[Intel-gfx] Ask for comments of getting guest framebuffer in igvt-g

Tian, Kevin kevin.tian at intel.com
Tue Mar 8 02:44:39 UTC 2016

> From: Zhiyuan Lv
> Sent: Thursday, March 03, 2016 5:51 PM
> Dear i915 developers,
> Here I have one topic hoping to get your comments and suggestions.
> Basically it is about graphics virtualization(igvt-g), for the purpose
> of host system to get virtual machine's framebuffer. We would like to
> hear your opinions about some design opens. Below is the
> patch and some more detailed description. We appreciate your time
> on that, and thanks in advance for any comments!
> https://patchwork.freedesktop.org/patch/71852/
> When people try igvt-g, one common question we heard is how to get
> guest VM's framebuffer. It is for various purposes:
>  - A compositor in host (it can be QEMU itself or other viewer
>    applications) can use the contents to render a window in host;
>  - Remote protocol can easily handle it to support 3D/Media
>    accelerated VMs;
> The specific requirements include:
>  - Be able to map the guest framebuffer so that host CPU can read it;
>  - Be able to export guest framebuffer through dam_buf;
>  - Be able to direct render with guest framebuffers;
> In order to support that, we introduced a new gem object called
> gvtbuffer. It is a special object with guest framebuffer's pages as
> its backing storage. Meanwhile, it could behave normally like other
> gem objects. It can be mapped, exported and used by EGL APIs.
> Although we say guest fb pages for gvtbuffer, the solution itself is
> safe. Because gvtbuffer gets entries from physical GGTT which cannot
> be accessed by guest VM directly. igvt-g device model is responsible
> for filling physical GGTT after translating the iova from guest GGTT
> table. Even if a malicious guest uses a bad framebuffer, the pages
> filled in GGTT are always valid. Then when gvtbuffer tries to get some
> entries, they are always valid address not causing hardware problems.
> It is possible, however, that the guest VM performs page flip while
> gvtbuffer is attached with the framebuffer, and is being used for
> rendering. That may cause some tearing in theory. But in practice, we
> did not see that. If that is a concern, we can consider to delay the
> VBLANK irq injection to guest as a solution.
> So in general, do you think it is OK to introduce the gvtbuffer gem
> object, or there could be better way to handle it in gem framework?
> Currently we have a new IOCTL added for the gvtbuffer, and we also
> added some data structures to describe the framebuffer format for user
> mode. Do you think that is fine? Thanks again!

Hi, Zhiyuan,

After reading the patchwork link, is my below understanding correct
regarding to the key logic of this new IOCTL?

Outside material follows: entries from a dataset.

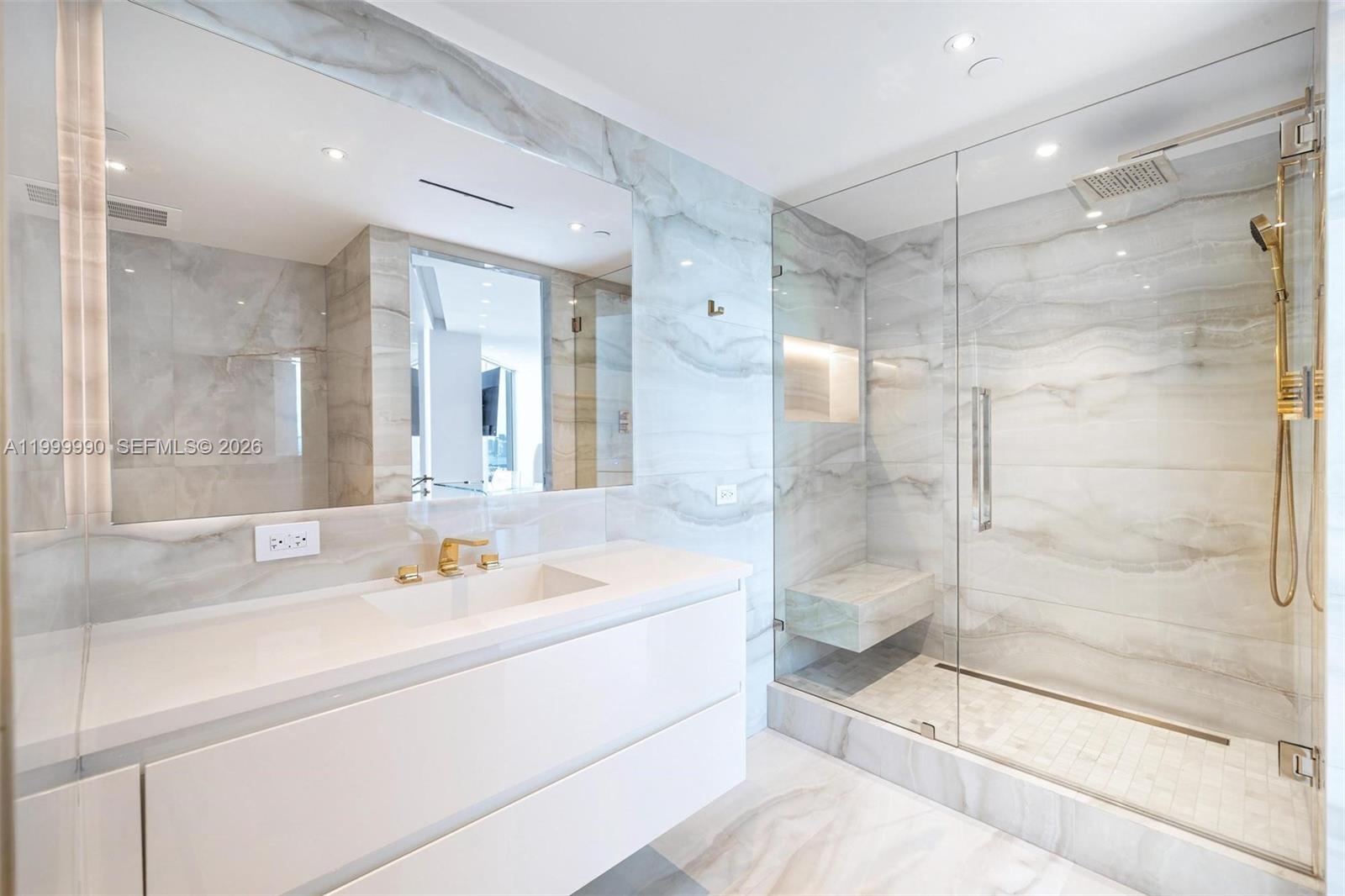 300 S Pointe Dr #PH-5 Miami Beach, FL 33139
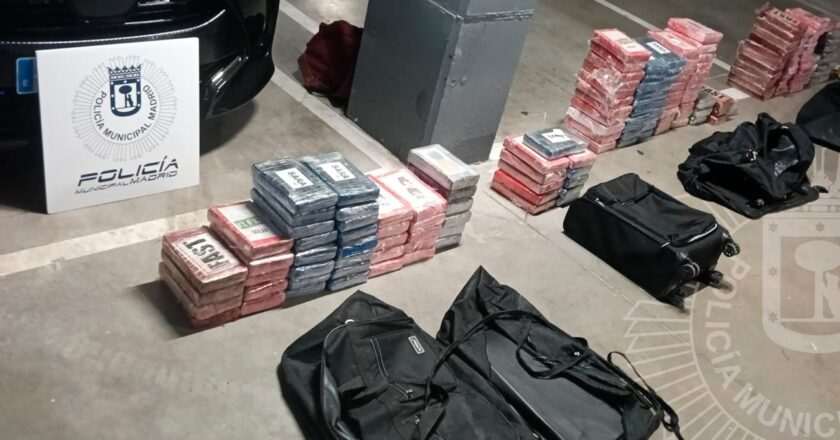 Descubiertos más de 100 paquetes de cocaína ocultos en un parking de Hortaleza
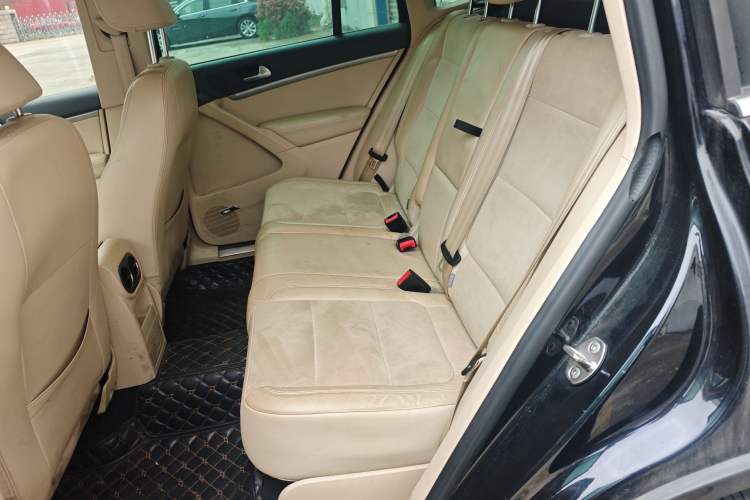 Used Volkswagen Tiguan 2013 2.0 TSI Automatic All-Wheel-Drive Flagship Edition Left Rear Seat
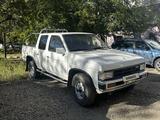 Nissan Pickup 1995 года за 3 500 000 тг. в Усть-Каменогорск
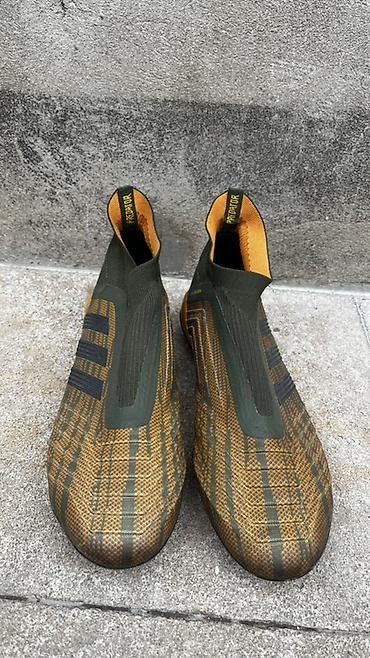 dəf aləti: Butslar Adidas, Ölçü: 43, İşlənmiş — 2
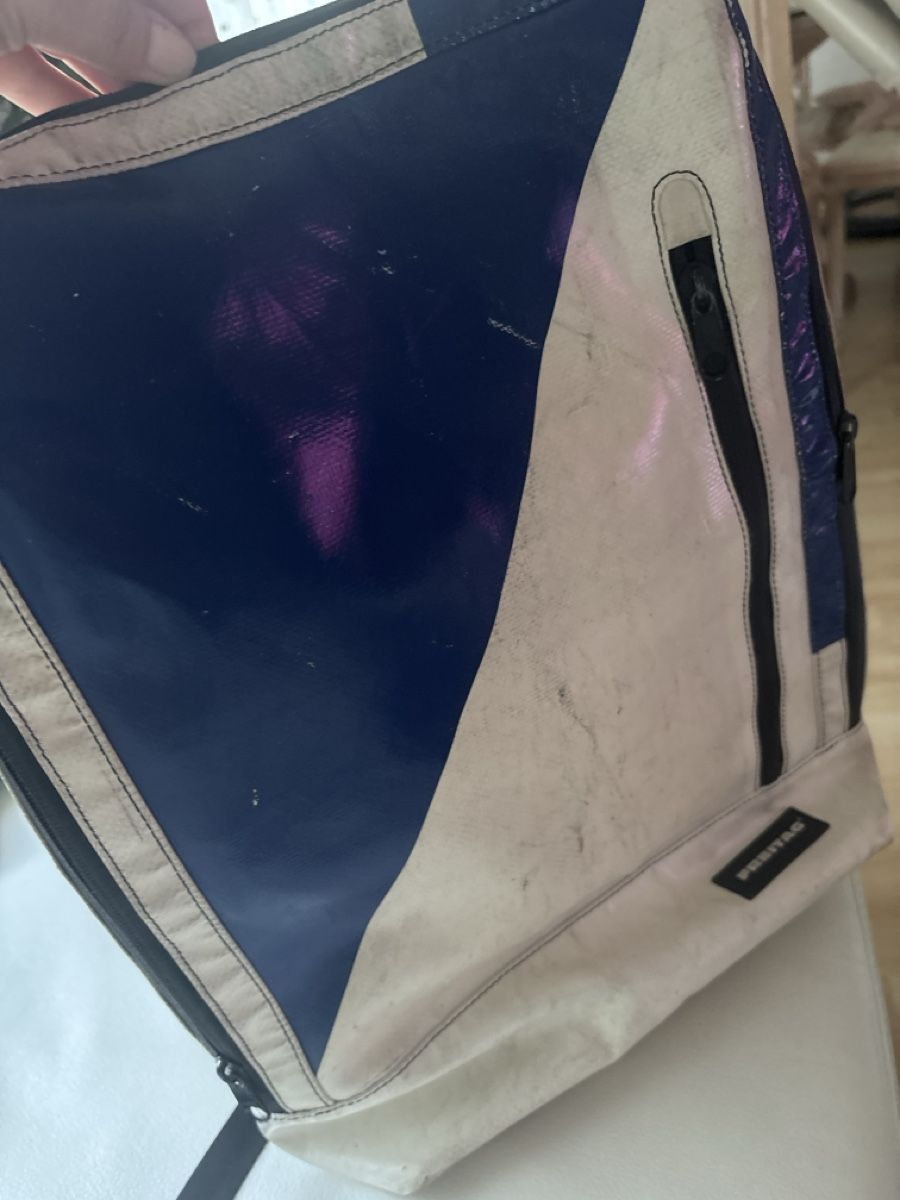 Freitag Sacs à dos: Freitag Tasche blau weiss gebraucht – D'occasion à langenthal par rundholz7 8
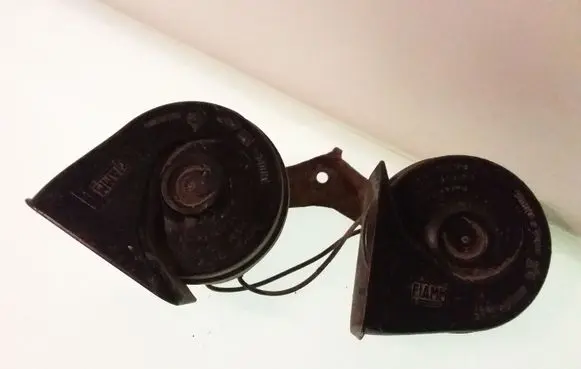 Ford Focus Horn signal E355306 55306 AM80S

- It's similar to stolen memory, i.e. the backing storage may not be
directly accessed by the driver (it's other VM's memory) so no
'page struct' is available;

- The sg_dma_address of the backing storage is retrieved directly
from GGTT entries corresponding to the gmadr of guest framebuffer,
(those entries are audited by GVT-g device model before programming 

- Then the gem object can be pinned to either GGTT or PPGTT, upon
request from user-level compositor;

- A notification will be sent by GVT-g device model, upon any change
of the guest framebuffer location,  (including change of underlying GGTT 
entry), but this notification is not implemented yet in this RFC patch;

- Upon such notification, user-level compositor is expected to destroy
previous gem object and then recreate a new object according to the
new information;

One additional comment here. Since this gem object implies another
reference to the guest memory page, we need a step to call into
GVT-g device model to claim such reference (which will then lead to a
refcnt increment of the guest page through hypervisor specific way). 
Today it's optional since our device model claims reference of all
guest memory pages in a batch at boot time, which however might
be optimized in the future to do selective claim so within device model
we need clearly mark out all explicit references.